その他地域での米軍事作戦のコストは?
イラン攻撃に先立ち、米軍はベネズエラ近海に展開している。米シンクタンク・戦略国際問題研究所(CSIS)の試算によれば、この軍事プレゼンス増強は米政府に1日あたり約3100万ドル(約49億円)の費用負担となった。ブルームバーグは2月、ベネズエラ関連作戦にかかった米軍の総コストは30億ドル(約4700億円)を超えた可能性が高いと報じている。
中東では、ブラウン大学の「戦争のコスト」プロジェクトの推計に基づけば米国は2023年10月~25年9月に315億~337億ドル(約4兆9000億~5兆3000億円)を費やしている。これにはイスラエルへの軍事援助の他、イラン、イエメン、中東全域での作戦が含まれる。
同大の研究チームは2021年、9.11米同時多発テロ以降の米国の軍事支出を5兆8000億ドルと見積もった。
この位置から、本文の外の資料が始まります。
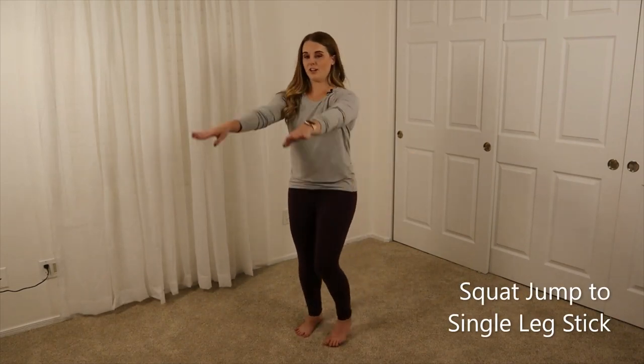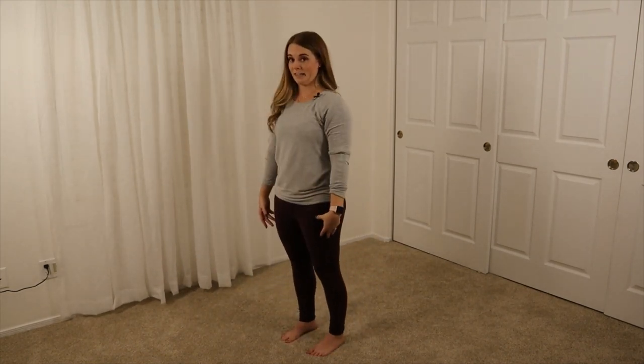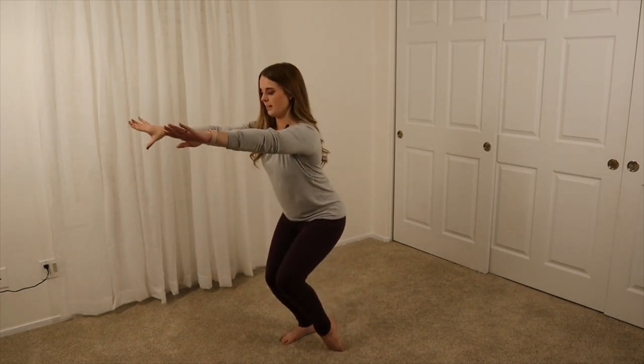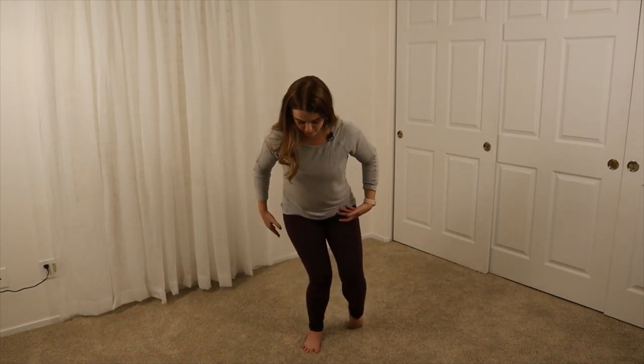We're going to do a squat jump to a single leg stick. Have your arms in front of you, swing, jump, land on one foot, stand back up. Same thing: swing, jump, land on one foot, stand back up. The biggest thing is when you land, you want to avoid letting your knee fall inward — keep that knee out and keep your hips back.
ただしこの金額は、退役軍人の医療費や米国内の対テロ対策など、直接的な軍事作戦以外への支出も含んでいる。
「戦争のコスト」には家計負担増や人的被害も含まれる
軍事作戦の費用は、米イラン戦争にかかる総コストと経済的影響の一部にすぎない。既に今回の作戦は石油・天然ガス価格の急騰につながり、旅行費用の高騰やインフレ加速の脅威となっている。攻撃開始を受けて週明けの株式市場には動揺が広がったが、その後持ち直した。しかし、ガソリン価格の上昇が続けば、すでに苦しい一般家庭の家計を直撃するだろう。
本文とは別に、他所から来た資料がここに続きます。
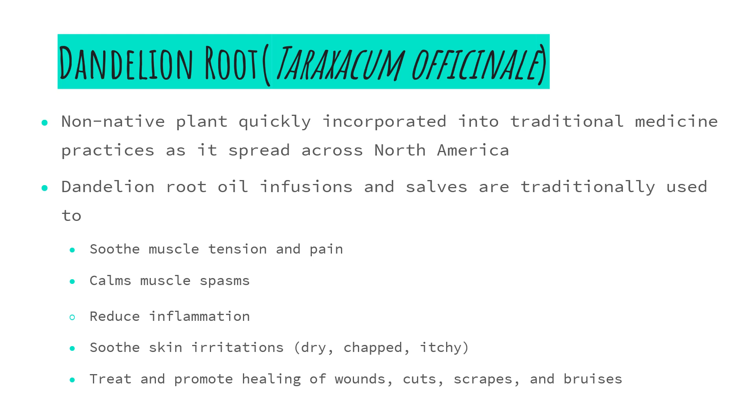Dandelion root infusions and salves are traditionally used to soothe muscle tension and pain, calm muscle spasms, reduce inflammation, and soothe skin irritation such as dry, chapped, or itchy skin. They are also used to treat and promote the healing of wounds, cuts, scrapes, and bruises. Dandelion is recommended for people just beginning to harvest and create their own medicines because it is widespread, easily identifiable, and most people have it readily available. We do have to be very aware that dandelion may be growing in areas where people are managing for weeds, so we must be aware of any sprays being applied in the area before harvesting.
この戦争ではイスラエルとイランも数百万ドル規模の軍事支出を行っており、計り知れない人的被害をももたらしている。イランでは3日時点で700人以上の死亡が報告されており、中央軍によれば少なくとも6人の米軍兵士が戦死した。イスラエル、アラブ首長国連邦(UAE)、オマーンなど中東諸国でも、空爆により複数の死者が出ている。